IanBogle commented Aug 4, 2023

I implemented the changes described by @masterleinad, and found that it did improve dot performance:
kokkos-dot

The local memory reductions (teampolicy-noshfl) reduced the severity of the dip in performance, and in general we line up pretty well with the updated range policy's performance on this dot product workload.

yAx performance is largely unchanged with the local memory reductions:
kokkos-yAx

In our data collection, we found that the team policy version of the yAx kernel has markedly worse performance than the range policy version, which we are going to look into after getting this initial PR merged. In terms of work left for this PR, there are a few tests that are failing due to the local memory reduction changes, so I need to track those down and fix them before this is ready to go.

@IanBogle
Copy link
Contributor Author

Converting to draft, need some time to port the word_size_type stuff to allow UseShflReduction=false to successfully build.

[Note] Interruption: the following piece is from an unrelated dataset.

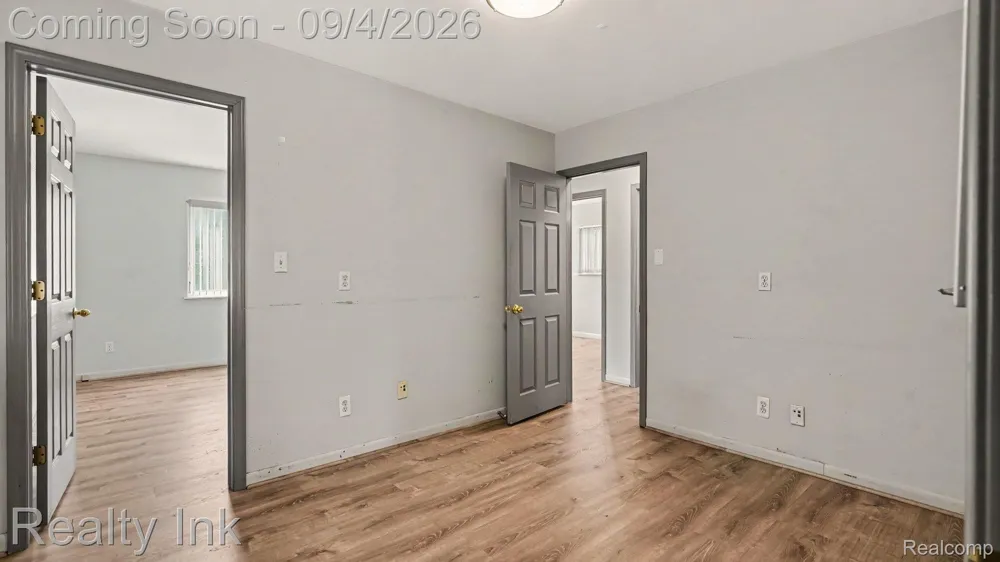 11260 Lemen Road Green Oak Township, MI 48189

You will probably find that you are running into

// The global parallel_reduce does not support vector_length other than 1 at
// the moment
if ((arg_policy.impl_vector_length() > 1) && !UseShflReduction)
Impl::throw_runtime_exception(
"Kokkos::parallel_reduce with a TeamPolicy using a vector length of "
"greater than 1 is not currently supported for HIP for dynamic "
"sized reduction types.");
if ((m_team_size < HIPTraits::WarpSize) && !UseShflReduction)
Impl::throw_runtime_exception(
"Kokkos::parallel_reduce with a TeamPolicy using a team_size smaller "
"than 64 is not currently supported with HIP for dynamic sized "
"reduction types.");

if enabling it unconditionally (and removing these checks will make the same tests fail).

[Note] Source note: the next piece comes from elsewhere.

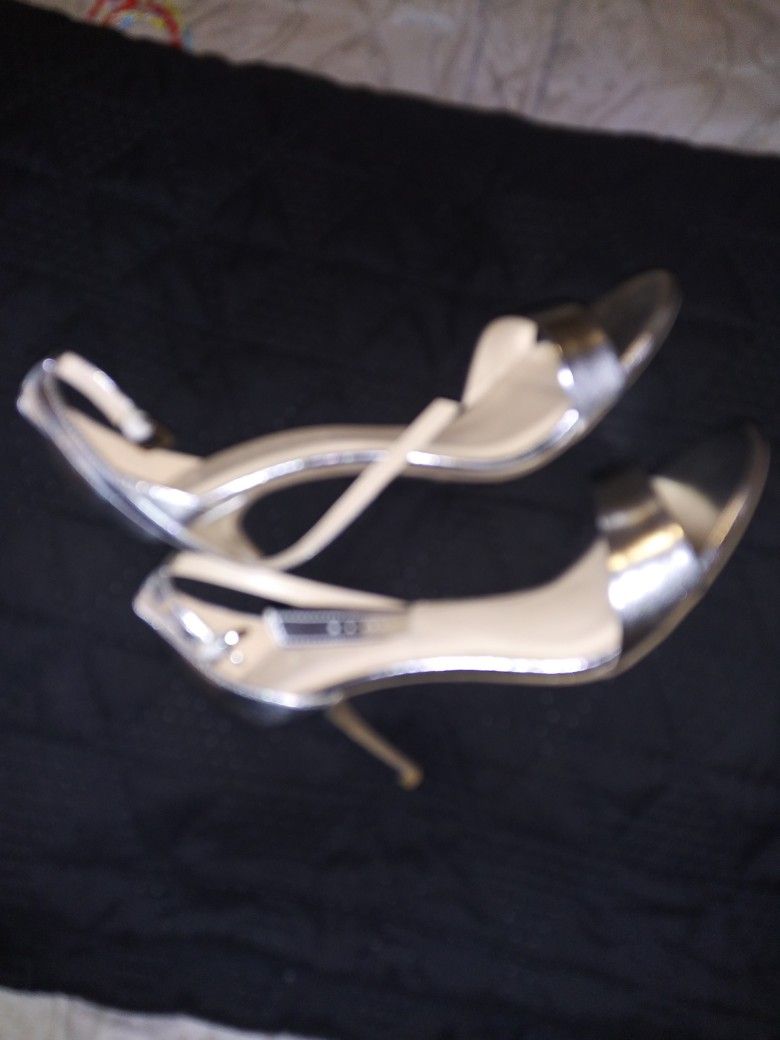 High Heel Silver Shoes Size 10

This is the reason tests are currently failing with this change. Is there any acceptable way of getting around this in the short term?

@Rombur
Copy link
Member

Rombur commented Aug 11, 2023

This is the reason tests are currently failing with this change. Is there any acceptable way of getting around this in the short term?

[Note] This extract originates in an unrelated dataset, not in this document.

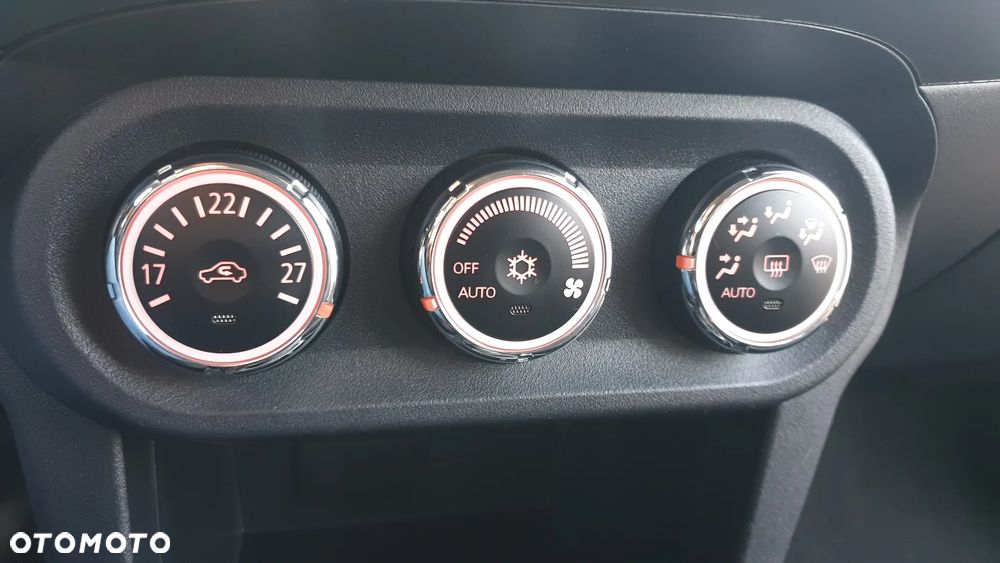 Mitsubishi Lancer - 32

Don't enable UseShflReduction unconditionally and add a FIXME_HIP that we need to fix the runtime exception and enable UseShflReduction unconditionally.

@IanBogle
Copy link
Contributor Author

I've reverted the UseShflReduction = false changes, though I left them in comments (with nearby FIXME_HIP's) because it did get us some performance. We also figured out why the yAx benchmark had such poor performance, it was because I copied the code from the kokkos tutorial, and didn't realize it used a LayoutRight by default, so we were striding like crazy. There are still a few things we want to look into later, but we're ready to finish up this PR.

We looked into increasing the maximum block size in the heuristic to see if we could get rid of the performance dip in dot performance:
kokkos-dot-perf
This plot shows the max we currently use, 65536, has an obvious performance dip, and that increasing the maximum number of blocks used to 2097152 eliminates it. However, we note that using 2097152 as the max number of blocks can require a nontrivial amount of memory (especially for datatypes larger than the one we used - double) for the final reduction, so we opt for 65536 as a default.
We also see that 65536 is a good choice for the yAx workload (note, performance is vastly different due to fixing the data layout):
kokkos-yAx-perf
We see that 65536 follows our "at least as fast as the previous heuristic" rule of thumb, where 2097152 is worse for larger league sizes, while it is only slightly faster than 65536 in certain cases.

Another important note, these plots are all with UseShflReduction=false, which is currently not active on this branch, due to tests failing. Currently, this branch should have better performance than the develop branch, and the tests are passing successfully.

@IanBogle IanBogle marked this pull request as ready for review August 18, 2023 20:05
@Rombur
Copy link
Member

Rombur commented Aug 21, 2023

You need to fix the format.

@Rombur
Copy link
Member

Rombur commented Aug 21, 2023

This plot shows the max we currently use, 65536, has an obvious performance dip, and that increasing the maximum number of blocks used to 2097152 eliminates it. However, we note that using 2097152 as the max number of blocks can require a nontrivial amount of memory (especially for datatypes larger than the one we used - double) for the final reduction, so we opt for 65536 as a default.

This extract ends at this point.